* _PROMPT_
Go to the line holding "UNYKAch RG4208G4 Stativskinne" in the entries below and write out exactly every line down to and including the line holding "Volvo XC60 2.4".

Dataset excerpts
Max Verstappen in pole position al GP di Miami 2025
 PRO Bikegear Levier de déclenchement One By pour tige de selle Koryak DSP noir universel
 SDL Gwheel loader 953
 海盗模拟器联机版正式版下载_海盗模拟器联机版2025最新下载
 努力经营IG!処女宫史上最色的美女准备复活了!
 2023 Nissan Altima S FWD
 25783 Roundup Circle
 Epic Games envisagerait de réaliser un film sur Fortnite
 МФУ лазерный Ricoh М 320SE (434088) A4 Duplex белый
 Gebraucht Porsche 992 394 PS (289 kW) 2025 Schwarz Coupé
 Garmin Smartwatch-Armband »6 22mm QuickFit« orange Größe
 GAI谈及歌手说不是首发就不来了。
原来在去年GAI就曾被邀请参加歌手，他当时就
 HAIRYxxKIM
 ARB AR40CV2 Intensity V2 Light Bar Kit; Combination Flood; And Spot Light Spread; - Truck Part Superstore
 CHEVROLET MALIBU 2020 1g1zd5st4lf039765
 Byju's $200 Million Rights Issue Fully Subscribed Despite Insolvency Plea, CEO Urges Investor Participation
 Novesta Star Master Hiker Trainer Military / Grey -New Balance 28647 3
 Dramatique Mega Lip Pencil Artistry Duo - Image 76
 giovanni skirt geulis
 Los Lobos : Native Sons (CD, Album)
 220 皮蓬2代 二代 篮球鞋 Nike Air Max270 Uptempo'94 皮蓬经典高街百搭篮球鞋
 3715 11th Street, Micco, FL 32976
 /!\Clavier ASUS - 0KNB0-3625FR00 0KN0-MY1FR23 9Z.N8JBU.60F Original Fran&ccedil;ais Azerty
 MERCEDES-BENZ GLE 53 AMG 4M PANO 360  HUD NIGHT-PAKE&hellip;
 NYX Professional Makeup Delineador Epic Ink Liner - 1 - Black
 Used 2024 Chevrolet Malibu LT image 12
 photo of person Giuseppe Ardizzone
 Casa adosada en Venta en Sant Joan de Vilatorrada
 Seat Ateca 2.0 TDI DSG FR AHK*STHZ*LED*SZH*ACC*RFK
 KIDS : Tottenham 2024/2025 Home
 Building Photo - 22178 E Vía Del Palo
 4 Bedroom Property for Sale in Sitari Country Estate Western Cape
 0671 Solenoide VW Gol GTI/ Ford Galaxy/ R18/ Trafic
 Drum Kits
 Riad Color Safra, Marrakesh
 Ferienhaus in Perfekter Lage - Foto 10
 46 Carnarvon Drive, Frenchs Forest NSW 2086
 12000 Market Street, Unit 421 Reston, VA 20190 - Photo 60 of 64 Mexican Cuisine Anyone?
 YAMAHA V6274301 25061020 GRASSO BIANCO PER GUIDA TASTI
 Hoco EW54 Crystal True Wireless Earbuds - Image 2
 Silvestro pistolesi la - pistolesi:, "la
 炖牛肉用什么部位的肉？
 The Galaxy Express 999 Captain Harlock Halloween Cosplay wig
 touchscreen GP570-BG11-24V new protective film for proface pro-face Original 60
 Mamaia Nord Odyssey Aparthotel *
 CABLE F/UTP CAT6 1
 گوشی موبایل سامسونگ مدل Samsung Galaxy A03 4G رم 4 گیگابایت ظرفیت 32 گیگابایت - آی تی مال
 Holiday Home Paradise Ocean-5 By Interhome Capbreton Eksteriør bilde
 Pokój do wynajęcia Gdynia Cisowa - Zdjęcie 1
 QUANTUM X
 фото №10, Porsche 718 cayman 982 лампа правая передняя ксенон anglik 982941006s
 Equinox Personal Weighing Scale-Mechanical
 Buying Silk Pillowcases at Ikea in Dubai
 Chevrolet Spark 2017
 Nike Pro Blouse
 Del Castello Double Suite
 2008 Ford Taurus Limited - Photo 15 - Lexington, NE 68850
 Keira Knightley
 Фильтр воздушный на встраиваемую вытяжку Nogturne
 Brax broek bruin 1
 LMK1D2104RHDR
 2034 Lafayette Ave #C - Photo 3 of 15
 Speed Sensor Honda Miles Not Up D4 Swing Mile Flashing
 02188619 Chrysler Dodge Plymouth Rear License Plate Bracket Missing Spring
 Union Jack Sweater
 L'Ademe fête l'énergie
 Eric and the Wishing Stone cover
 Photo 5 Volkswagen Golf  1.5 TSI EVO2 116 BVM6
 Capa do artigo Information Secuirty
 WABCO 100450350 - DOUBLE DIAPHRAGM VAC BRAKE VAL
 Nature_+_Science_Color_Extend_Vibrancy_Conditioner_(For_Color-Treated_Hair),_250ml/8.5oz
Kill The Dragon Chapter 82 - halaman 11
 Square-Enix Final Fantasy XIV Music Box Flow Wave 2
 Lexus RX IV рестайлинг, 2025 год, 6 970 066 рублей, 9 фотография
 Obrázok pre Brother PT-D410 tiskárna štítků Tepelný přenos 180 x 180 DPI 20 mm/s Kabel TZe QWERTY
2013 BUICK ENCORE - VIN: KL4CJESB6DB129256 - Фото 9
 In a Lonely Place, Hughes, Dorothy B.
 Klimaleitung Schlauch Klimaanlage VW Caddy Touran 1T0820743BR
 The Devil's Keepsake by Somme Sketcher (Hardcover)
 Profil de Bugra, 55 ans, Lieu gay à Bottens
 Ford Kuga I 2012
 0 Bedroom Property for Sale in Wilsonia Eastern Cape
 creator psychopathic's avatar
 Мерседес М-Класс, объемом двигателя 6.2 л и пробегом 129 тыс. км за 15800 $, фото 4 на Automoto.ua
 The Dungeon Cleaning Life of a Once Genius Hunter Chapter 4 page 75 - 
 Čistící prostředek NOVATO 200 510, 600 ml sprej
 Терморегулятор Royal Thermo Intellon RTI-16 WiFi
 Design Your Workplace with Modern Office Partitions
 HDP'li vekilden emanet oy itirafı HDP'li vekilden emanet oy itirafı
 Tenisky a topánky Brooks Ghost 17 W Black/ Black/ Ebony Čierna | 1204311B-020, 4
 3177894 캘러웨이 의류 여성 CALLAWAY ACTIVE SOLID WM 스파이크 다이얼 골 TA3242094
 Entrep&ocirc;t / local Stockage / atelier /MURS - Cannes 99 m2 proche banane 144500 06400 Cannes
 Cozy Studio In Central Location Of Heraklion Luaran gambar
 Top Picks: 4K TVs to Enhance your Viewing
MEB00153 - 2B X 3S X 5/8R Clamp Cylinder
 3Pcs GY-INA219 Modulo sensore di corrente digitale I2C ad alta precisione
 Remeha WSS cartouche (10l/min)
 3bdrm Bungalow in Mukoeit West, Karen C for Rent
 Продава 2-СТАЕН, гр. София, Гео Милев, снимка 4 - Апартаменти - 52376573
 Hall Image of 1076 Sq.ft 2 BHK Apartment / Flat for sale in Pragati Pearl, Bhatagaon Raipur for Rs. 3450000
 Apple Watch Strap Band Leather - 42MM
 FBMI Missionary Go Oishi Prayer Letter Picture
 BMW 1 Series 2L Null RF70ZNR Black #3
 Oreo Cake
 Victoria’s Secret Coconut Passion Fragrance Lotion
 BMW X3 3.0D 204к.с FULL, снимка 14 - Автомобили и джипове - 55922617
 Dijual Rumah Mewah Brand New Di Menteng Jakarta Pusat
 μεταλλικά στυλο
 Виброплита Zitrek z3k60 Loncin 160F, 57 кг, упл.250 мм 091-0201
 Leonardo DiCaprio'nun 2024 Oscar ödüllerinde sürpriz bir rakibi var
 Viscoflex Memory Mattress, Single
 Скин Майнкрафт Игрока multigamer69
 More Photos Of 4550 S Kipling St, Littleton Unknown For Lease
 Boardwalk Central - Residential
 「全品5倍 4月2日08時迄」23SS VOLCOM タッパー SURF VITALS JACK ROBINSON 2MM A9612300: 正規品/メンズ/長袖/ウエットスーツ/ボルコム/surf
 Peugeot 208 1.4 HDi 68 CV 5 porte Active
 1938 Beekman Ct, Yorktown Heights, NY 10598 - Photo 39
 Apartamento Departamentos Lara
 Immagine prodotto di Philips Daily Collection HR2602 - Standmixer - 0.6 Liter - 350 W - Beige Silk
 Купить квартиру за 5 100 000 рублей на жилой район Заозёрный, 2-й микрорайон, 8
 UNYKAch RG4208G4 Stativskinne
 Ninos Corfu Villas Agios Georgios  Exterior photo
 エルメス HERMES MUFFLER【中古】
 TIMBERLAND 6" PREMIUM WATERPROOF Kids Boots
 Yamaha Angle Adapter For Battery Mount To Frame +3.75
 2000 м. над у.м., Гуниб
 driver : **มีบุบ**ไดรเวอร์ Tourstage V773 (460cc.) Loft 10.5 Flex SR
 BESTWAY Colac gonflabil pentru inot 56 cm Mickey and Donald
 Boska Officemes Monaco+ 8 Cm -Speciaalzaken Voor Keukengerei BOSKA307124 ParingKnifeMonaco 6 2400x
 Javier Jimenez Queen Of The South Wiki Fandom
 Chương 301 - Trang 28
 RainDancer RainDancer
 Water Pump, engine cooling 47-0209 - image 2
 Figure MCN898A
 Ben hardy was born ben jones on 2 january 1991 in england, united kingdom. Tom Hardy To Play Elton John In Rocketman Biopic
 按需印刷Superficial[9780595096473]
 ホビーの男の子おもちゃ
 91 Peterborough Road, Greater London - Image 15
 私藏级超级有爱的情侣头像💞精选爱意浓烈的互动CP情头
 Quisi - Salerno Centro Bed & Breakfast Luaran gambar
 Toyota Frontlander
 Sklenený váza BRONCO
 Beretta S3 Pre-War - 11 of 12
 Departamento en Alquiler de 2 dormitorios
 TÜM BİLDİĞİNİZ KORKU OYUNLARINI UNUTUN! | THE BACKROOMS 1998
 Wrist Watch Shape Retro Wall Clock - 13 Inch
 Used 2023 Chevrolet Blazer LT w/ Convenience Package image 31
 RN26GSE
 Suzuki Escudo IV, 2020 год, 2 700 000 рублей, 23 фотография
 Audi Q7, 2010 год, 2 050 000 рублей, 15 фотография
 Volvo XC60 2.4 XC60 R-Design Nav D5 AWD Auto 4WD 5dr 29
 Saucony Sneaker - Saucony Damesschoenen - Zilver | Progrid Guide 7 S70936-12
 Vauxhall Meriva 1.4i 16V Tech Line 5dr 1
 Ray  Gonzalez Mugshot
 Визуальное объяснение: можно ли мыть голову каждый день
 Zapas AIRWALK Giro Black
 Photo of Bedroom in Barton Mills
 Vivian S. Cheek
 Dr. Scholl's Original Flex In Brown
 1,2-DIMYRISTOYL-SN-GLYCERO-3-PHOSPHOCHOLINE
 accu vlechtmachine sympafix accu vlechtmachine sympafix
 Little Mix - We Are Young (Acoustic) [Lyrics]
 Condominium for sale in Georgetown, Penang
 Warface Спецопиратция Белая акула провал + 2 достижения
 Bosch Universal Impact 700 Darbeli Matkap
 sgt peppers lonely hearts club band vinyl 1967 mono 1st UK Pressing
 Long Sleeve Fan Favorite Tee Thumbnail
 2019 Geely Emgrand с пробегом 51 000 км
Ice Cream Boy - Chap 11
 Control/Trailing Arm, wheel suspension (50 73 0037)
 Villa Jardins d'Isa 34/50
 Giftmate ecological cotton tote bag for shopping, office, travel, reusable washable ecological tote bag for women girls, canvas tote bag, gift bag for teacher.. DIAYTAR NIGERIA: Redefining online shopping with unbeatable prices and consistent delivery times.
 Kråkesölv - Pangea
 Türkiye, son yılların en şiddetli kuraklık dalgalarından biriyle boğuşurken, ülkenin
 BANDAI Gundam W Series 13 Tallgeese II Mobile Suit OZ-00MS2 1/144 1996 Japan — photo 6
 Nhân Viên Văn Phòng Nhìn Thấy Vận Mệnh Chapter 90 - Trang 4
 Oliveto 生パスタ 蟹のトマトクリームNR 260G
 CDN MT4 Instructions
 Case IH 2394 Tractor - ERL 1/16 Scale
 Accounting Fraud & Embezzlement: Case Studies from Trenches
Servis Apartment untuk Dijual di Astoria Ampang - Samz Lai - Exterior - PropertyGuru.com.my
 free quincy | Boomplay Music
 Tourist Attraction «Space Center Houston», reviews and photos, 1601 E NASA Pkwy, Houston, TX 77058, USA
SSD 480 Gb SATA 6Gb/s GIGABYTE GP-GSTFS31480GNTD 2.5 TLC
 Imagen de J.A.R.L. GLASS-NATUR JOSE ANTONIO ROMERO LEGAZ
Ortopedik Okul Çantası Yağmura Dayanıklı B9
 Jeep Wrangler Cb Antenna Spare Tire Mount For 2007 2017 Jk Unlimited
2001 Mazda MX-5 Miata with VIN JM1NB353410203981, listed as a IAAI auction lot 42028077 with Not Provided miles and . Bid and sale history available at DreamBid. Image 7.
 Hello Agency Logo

* _OUTPUT BELOW_
 UNYKAch RG4208G4 Stativskinne
 Ninos Corfu Villas Agios Georgios  Exterior photo
 エルメス HERMES MUFFLER【中古】
 TIMBERLAND 6" PREMIUM WATERPROOF Kids Boots
 Yamaha Angle Adapter For Battery Mount To Frame +3.75
 2000 м. над у.м., Гуниб
 driver : **มีบุบ**ไดรเวอร์ Tourstage V773 (460cc.) Loft 10.5 Flex SR
 BESTWAY Colac gonflabil pentru inot 56 cm Mickey and Donald
 Boska Officemes Monaco+ 8 Cm -Speciaalzaken Voor Keukengerei BOSKA307124 ParingKnifeMonaco 6 2400x
 Javier Jimenez Queen Of The South Wiki Fandom
 Chương 301 - Trang 28
 RainDancer RainDancer
 Water Pump, engine cooling 47-0209 - image 2
 Figure MCN898A
 Ben hardy was born ben jones on 2 january 1991 in england, united kingdom. Tom Hardy To Play Elton John In Rocketman Biopic
 按需印刷Superficial[9780595096473]
 ホビーの男の子おもちゃ
 91 Peterborough Road, Greater London - Image 15
 私藏级超级有爱的情侣头像💞精选爱意浓烈的互动CP情头
 Quisi - Salerno Centro Bed & Breakfast Luaran gambar
 Toyota Frontlander
 Sklenený váza BRONCO
 Beretta S3 Pre-War - 11 of 12
 Departamento en Alquiler de 2 dormitorios
 TÜM BİLDİĞİNİZ KORKU OYUNLARINI UNUTUN! | THE BACKROOMS 1998
 Wrist Watch Shape Retro Wall Clock - 13 Inch
 Used 2023 Chevrolet Blazer LT w/ Convenience Package image 31
 RN26GSE
 Suzuki Escudo IV, 2020 год, 2 700 000 рублей, 23 фотография
 Audi Q7, 2010 год, 2 050 000 рублей, 15 фотография
 Volvo XC60 2.4 XC60 R-Design Nav D5 AWD Auto 4WD 5dr 29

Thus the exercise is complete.